Among the records below, find the lines that contain "House" and copy each of them.
### Dataset ###
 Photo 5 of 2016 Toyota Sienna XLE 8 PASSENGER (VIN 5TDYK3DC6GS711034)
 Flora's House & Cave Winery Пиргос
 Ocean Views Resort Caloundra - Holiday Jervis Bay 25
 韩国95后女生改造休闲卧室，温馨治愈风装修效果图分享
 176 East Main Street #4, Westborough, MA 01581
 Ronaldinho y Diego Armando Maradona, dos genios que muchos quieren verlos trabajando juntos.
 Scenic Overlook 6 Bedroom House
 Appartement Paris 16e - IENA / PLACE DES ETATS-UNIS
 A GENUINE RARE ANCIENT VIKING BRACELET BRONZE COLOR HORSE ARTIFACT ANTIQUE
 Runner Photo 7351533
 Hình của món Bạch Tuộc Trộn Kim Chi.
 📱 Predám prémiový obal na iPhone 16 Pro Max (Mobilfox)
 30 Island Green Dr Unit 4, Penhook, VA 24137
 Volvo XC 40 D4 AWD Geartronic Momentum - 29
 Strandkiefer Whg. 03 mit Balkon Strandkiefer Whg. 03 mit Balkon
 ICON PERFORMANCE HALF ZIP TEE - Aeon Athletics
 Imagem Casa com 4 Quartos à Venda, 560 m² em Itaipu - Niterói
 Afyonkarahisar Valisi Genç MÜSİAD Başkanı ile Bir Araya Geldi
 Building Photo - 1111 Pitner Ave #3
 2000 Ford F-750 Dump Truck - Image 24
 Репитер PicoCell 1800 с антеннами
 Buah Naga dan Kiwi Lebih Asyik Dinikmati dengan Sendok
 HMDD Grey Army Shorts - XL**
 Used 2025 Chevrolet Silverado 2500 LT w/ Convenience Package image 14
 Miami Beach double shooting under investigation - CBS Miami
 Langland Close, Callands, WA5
###
◆ Response area ◆
 Flora's House & Cave Winery Пиргос
 Scenic Overlook 6 Bedroom House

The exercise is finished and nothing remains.